There's been a lot happening lately. I did actually start a private blog a while ago, because of all the stuff that I couldn't talk about here. As you know, I'm very open about myself and my experiences because I hope that one day I will be able to show people that you can get through it. It does get better. No matter how shitty I feel, there is still a small part of me that believes it will get better.
From someone else's perspective, it may appear that I have hit rock bottom. I prefer to see it as if I were a Phoenix, because Phoenix's are awesome. My old life is burning up into flames and I am turning into ash. Soon though, I will rise again from the ashes and fly away to a better and happier life.

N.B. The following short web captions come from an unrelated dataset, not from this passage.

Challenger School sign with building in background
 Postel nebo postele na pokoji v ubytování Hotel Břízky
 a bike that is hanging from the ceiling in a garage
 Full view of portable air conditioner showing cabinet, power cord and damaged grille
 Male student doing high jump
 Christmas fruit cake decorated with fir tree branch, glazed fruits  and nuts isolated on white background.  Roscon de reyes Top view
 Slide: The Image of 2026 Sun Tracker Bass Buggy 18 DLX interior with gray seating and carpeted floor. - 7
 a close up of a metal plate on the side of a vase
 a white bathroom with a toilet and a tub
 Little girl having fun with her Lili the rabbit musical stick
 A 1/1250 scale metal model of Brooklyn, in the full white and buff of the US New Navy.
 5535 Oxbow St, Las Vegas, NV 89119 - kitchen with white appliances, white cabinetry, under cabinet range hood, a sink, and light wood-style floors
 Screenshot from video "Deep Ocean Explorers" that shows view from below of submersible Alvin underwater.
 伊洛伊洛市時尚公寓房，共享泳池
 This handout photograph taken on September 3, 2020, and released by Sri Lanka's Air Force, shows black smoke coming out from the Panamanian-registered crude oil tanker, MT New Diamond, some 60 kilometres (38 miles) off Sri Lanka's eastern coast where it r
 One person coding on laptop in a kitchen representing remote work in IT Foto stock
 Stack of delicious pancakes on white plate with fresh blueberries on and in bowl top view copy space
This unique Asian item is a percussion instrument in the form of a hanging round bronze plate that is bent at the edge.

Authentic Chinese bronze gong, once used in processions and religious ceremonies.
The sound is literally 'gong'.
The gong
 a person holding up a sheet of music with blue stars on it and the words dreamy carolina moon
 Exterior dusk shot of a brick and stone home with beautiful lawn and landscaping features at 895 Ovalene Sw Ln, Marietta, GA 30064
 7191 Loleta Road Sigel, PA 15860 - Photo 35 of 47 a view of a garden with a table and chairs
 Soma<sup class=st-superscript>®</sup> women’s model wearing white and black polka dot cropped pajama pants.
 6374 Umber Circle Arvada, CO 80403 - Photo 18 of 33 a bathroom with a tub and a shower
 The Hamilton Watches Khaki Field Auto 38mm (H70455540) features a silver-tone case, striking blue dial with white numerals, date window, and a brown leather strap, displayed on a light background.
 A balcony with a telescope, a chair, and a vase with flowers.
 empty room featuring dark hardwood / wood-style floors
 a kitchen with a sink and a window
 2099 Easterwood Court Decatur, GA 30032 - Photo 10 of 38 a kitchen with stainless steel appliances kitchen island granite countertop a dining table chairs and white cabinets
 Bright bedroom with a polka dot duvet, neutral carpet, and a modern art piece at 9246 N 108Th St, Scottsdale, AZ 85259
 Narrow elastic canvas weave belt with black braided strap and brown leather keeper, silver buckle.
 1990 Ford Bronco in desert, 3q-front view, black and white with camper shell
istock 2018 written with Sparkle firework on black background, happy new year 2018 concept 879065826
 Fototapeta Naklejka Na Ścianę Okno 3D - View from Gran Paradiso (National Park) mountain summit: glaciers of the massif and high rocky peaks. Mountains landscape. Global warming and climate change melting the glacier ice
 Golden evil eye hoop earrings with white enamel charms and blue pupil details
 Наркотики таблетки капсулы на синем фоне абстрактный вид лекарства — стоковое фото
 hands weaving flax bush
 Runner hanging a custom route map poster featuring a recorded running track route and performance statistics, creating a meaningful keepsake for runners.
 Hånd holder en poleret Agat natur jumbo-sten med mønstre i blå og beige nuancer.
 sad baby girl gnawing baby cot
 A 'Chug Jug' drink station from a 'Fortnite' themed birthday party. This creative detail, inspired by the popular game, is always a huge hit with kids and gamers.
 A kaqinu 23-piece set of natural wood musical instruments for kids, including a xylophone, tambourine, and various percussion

I don't want commitment to anyone or anything aside from my children. I have purposely taken actions to destroy my marriage. I have purposely done things to test the people in my life. I don't need people who are only going to stand by me when I'm married and leading a socially acceptable successful life. I need the ones who will tell me they love me, that they understand me, that they support me, when I'm nothing but a pile of ashes. I need the ones who will help clean me off and help me fly. Not the ones who will kick my ass and call me a pathetic excuse for a mother, wife, and person. I am not those things. I am a good mother. I am a decent wife considering I hate being a wife. And I am one hell of a great person. Just because I'm not happy living the life you want to live, doesn't mean that I'm evil. Everyone has different ideals and different things that make them happy. I want to do what I want to do. Maybe if you would shut the fuck up for a few minutes and open your goddamn mind, you would understand that there are different people with different agendas and different differences. Not everyone wants society's idea of a perfect life. I thought that's what I wanted. Married, in a house, some kiddies and the same fucking thing every single day...but I've grown up, and I've opened my eyes. This is not what I want. This does not make me happy. Everything I could have had, everything I could have become, got taken away from when I was 19 years old. I haven't even had a chance to discover what it was that I truly wanted until now.